Ya Allahku Mengapa Kau Tinggalkanku ?
Tulisan Yudha Adi Putra
Langit saja bisa berubah, apalagi manusia. Kalimat itu terus berulang sebagai sapaan di telinga Rudi. Setelah kekecewaan karena kehilangan. Kini, banyak kawan mulai meninggalkan dirinya. Kesepian perlahan menjadi teman. Tanpa sapaan, setiap sudut rumahnya mulai menyimpan tempat untuk menangis. Bukan hanya ditemani teh manis, tapi dengan kesedihan yang tidak pernah habis.
"Kawanku membawa kabar sukacita masing-masing. Aku berjalan dalam lorong sunyi. Memungguti perlahan setiap pencapaian. Merekam jejak harapan tanpa henti," ujar Rudi.
Prak !!
Suara pukulan terdengar. Kini, pintu rumahnya pecah. Ada serangan berdatangan.
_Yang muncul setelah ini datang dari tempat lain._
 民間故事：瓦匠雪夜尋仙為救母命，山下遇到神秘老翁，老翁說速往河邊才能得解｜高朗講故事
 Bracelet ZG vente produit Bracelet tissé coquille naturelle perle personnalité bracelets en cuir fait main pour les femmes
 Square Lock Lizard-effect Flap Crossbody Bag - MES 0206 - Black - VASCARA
Serangan pemburu yang salah menepi. Menawar harga kayu dengan cukup murah. Bercerita dengan Rudi memang membawa penyesalan. Tiap malam, ada saja hal untuk dipikirkan.
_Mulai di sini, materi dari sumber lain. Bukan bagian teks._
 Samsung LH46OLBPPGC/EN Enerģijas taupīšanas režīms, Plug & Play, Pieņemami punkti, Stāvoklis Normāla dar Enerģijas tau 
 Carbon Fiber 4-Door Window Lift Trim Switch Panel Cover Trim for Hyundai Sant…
Malam berlalu dengan perasaan cemas. Esok tidak dimengerti lagi. Kini, hanya perlu diyakinkan bahwa tiap langkah tidak dihadapi dengan sendiri. Ada pilihan untuk terus melangkah. Menepi dari setiap pencapaian fana. Bisa saja, itu memutuskan perjalanan hidup.
"Kita tidak pernah mengendalikan perasaan orang lain. Iri hati itu bisa saja berdampak dalam hidup. Membuat setiap pertemuan menjadi percakapan sombong. Sakit hati dan kesepian atas campuran pencapaian harus dihentikan, perlahan saja. Tenang dan menghindar," ujar Rudi yang mulai kesal.
Pemburu memang selalu berburu. Tanpa tahu ekosistem yang mulai terganggu.
Permintaan maaf muncul lagi. Berulang seperti sapaan. Sudah tanpa arti. Pencapaian akan hidup menjadi perjalanan yang ditandai. Tidak semua akan senang. Bisa saja, ada hal yang perlu untuk dihindari. Tetap untuk terus berjalan.
"Sudah sampai mana hidup ? Tiap perjalanan memang menawarkan tumpangan untuk terus menuju tempat yang diinginkan. Bukan tentang tempat saja, tapi penempatan akan rasa," ujar Rudi.